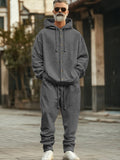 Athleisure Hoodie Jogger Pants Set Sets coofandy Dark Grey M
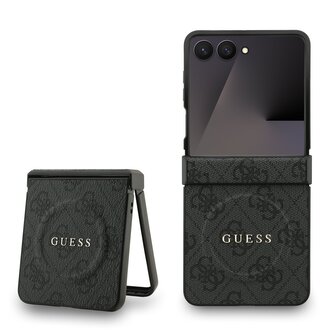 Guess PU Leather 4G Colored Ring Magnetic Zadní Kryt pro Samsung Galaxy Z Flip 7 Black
...
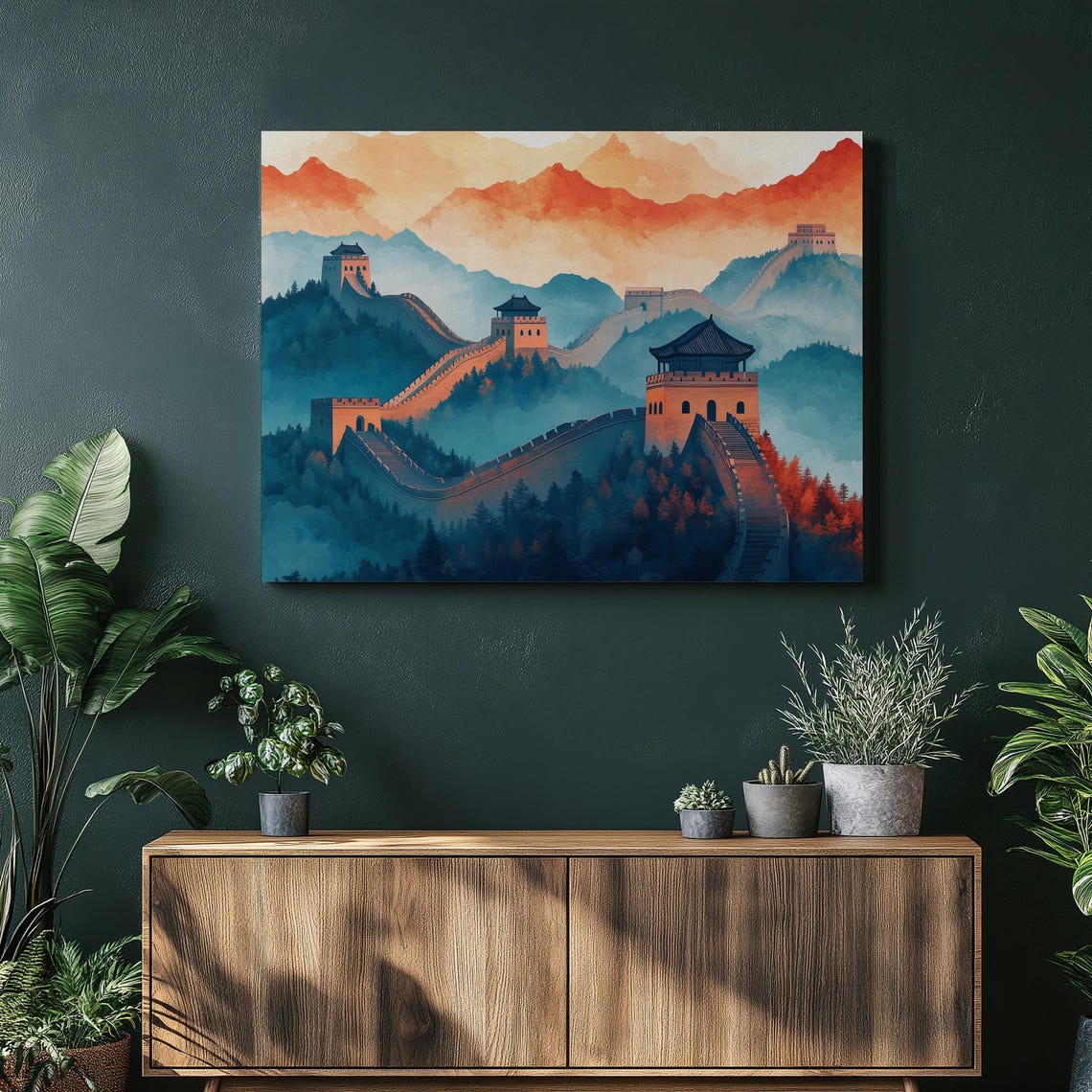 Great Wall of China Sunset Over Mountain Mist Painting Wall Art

[To do]:
Reproduce the listing above exactly from the line containing "Athleisure Hoodie Jogger" up to and including the line containing "Guess PU Leather", omitting any images and everything outside those lines.

[Task response]:
 Athleisure Hoodie Jogger Pants Set Sets coofandy Dark Grey M
 Guess PU Leather 4G Colored Ring Magnetic Zadní Kryt pro Samsung Galaxy Z Flip 7 Black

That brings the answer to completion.